Open malvanos opened 5 years ago
Probably it would be a good idea, it should be enough to to use the xxpermdi wrapper and add one for the aligned store.
Yes, from what I understand from the code we only need to replace the vec_xxpermdi with xxpermdi:
--- a/common/ppc/ppccommon.h
+++ b/common/ppc/ppccommon.h
@@ -150,7 +150,7 @@ typedef union {
**********************************************************************/
#ifndef __POWER9_VECTOR__
#define VEC_STORE8( v, p ) \
- vec_vsx_st( vec_xxpermdi( v, vec_vsx_ld( 0, p ), 1 ), 0, p )
+ vec_vsx_st( xxpermdi( v, vec_vsx_ld( 0, p ), 1 ), 0, p )
#else
#define VEC_STORE8( v, p ) vec_xst_len( v, p, 8 )
#endif
However, after the change, the pixel_sad_x4 fails. I will investigate it.

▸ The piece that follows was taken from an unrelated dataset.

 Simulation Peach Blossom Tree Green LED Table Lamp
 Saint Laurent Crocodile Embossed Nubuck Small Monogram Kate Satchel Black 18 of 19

One of the sum vectors is not initialized in the PIXEL_SAD_X4_ALTIVEC define. Here is the fix :
--- a/common/ppc/pixel.c
+++ b/common/ppc/pixel.c
@@ -981,6 +981,7 @@ static int name( uint8_t *fenc,
sum0v = vec_splat_s32( 0 ); \
sum1v = vec_splat_s32( 0 ); \
sum2v = vec_splat_s32( 0 ); \
+ sum3v = vec_splat_s32( 0 ); \
\
for( int y = 0; y < ly; y++ ) \
{
I will send a patch next days that fixes both the compilation on non-vsx and initialization in sad_4x.
VEC_STORE8 uses vec_xxpermdi that is only available to processors supporting VSX.